LISTED ENTRIES
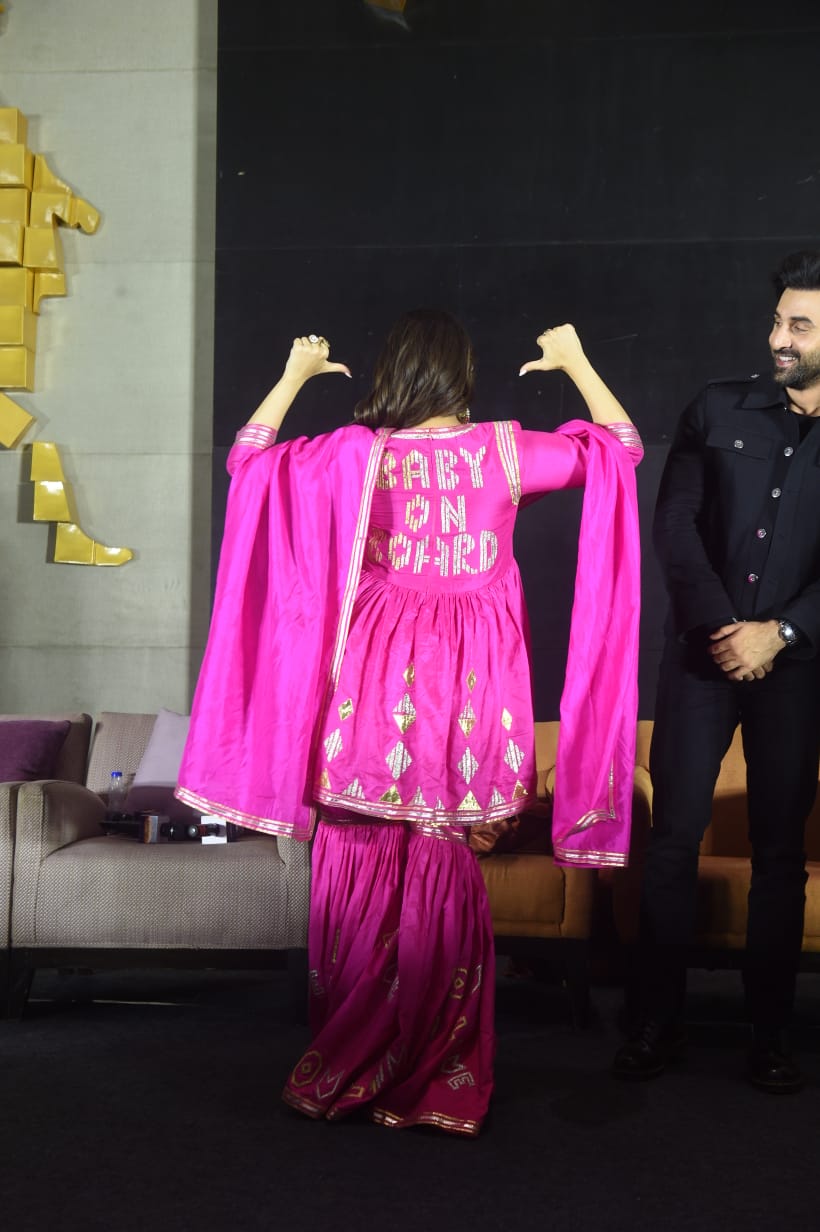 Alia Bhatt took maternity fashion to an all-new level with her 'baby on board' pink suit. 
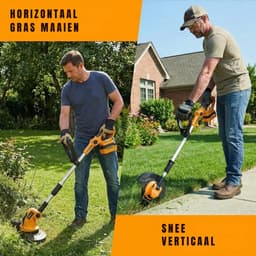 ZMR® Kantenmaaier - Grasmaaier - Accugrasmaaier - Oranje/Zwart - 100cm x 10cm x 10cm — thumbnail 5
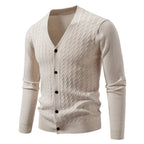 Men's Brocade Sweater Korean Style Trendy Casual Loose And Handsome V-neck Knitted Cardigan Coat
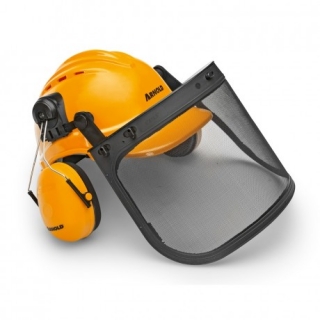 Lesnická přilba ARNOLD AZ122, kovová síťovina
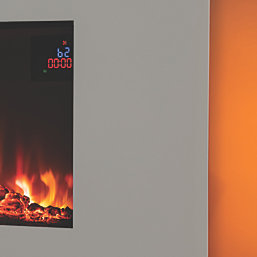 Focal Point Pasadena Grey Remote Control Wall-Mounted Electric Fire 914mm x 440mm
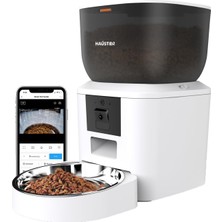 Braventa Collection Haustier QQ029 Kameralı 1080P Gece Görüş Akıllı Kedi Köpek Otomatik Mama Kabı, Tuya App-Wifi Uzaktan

...

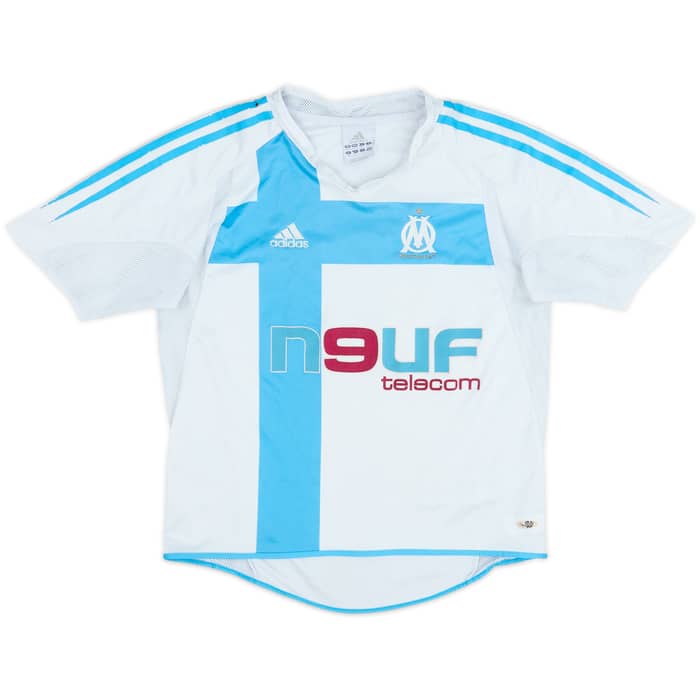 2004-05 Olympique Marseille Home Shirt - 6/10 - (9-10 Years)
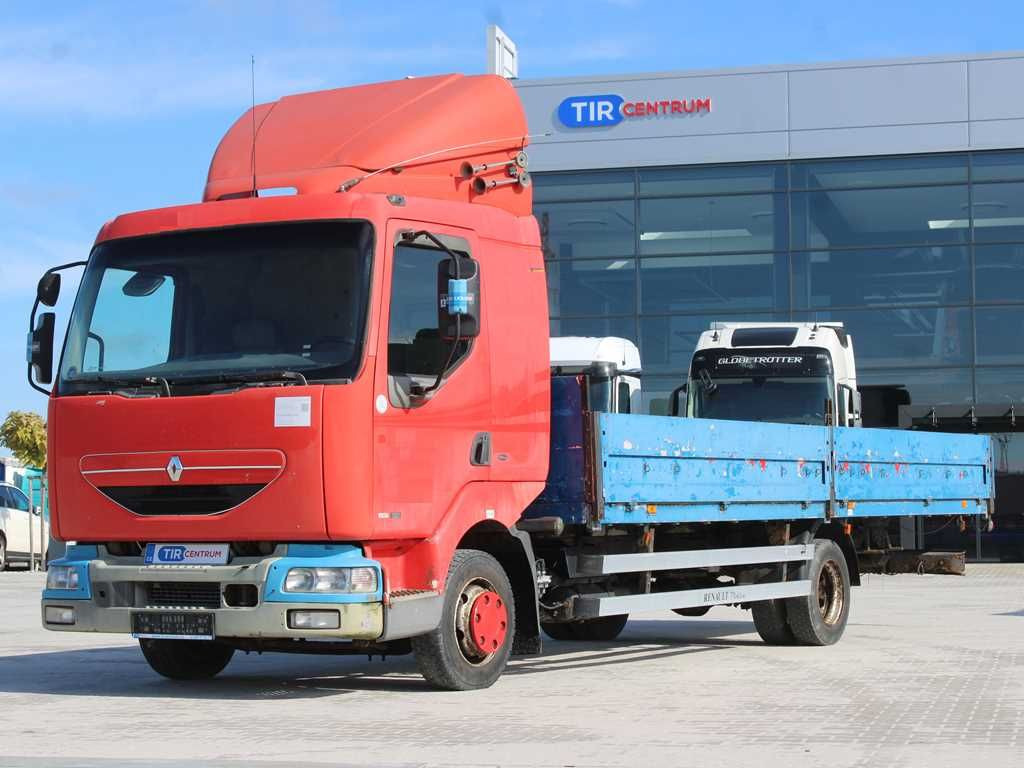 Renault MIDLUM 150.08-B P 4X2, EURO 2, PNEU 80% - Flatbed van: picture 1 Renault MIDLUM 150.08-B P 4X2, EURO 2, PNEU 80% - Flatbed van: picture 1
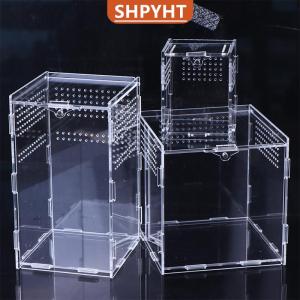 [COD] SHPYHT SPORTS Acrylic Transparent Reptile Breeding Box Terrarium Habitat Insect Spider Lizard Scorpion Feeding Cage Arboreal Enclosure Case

---

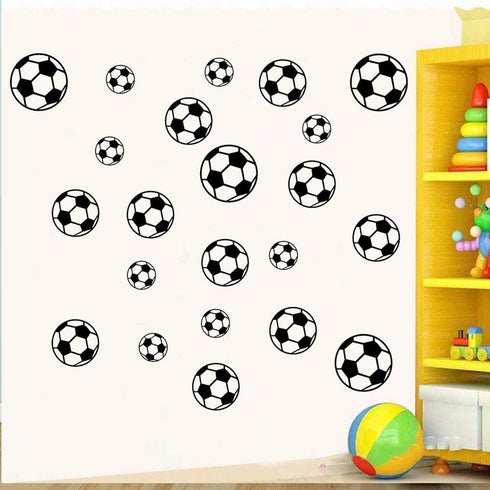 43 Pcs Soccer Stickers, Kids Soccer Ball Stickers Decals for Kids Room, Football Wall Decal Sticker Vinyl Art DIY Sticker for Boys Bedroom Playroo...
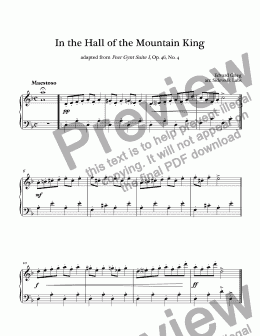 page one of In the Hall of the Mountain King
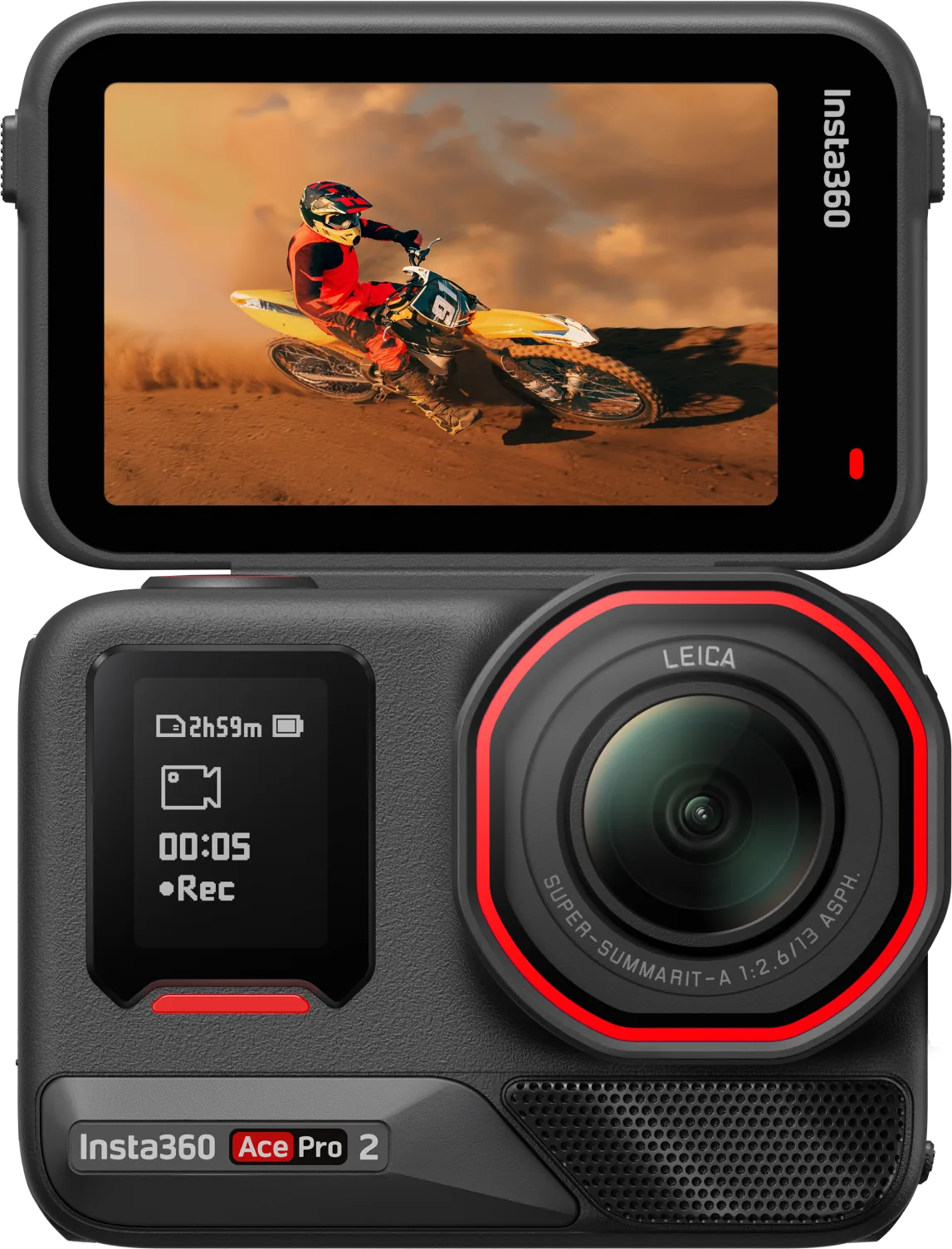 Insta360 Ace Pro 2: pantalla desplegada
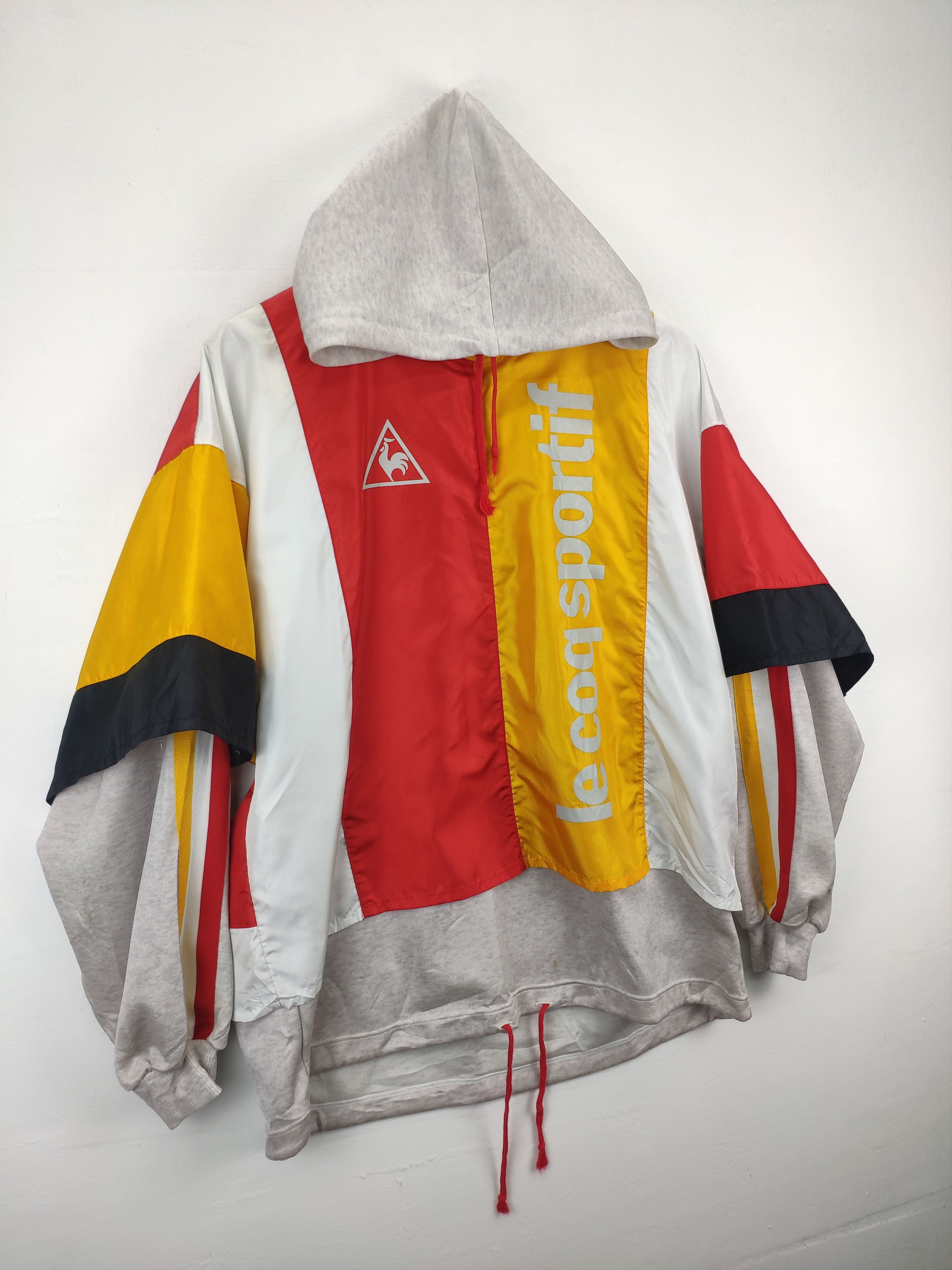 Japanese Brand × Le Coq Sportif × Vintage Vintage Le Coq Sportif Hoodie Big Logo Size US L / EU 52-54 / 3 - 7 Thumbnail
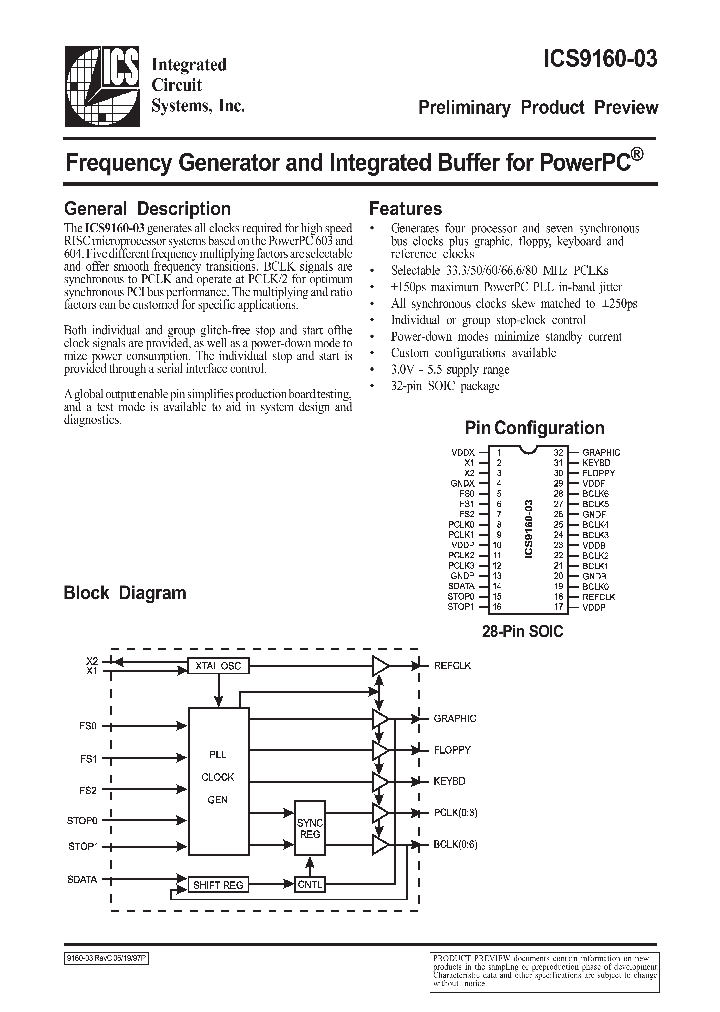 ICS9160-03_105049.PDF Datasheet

THE PROBLEM
For this exercise, reproduce exactly the lines of the records above from the one with "Lesnická přilba ARNOLD" up to and including the one with "Braventa Collection Haustier", without pictures.

RESPONSE TO THE TASK
 Lesnická přilba ARNOLD AZ122, kovová síťovina
 Focal Point Pasadena Grey Remote Control Wall-Mounted Electric Fire 914mm x 440mm
 Braventa Collection Haustier QQ029 Kameralı 1080P Gece Görüş Akıllı Kedi Köpek Otomatik Mama Kabı, Tuya App-Wifi Uzaktan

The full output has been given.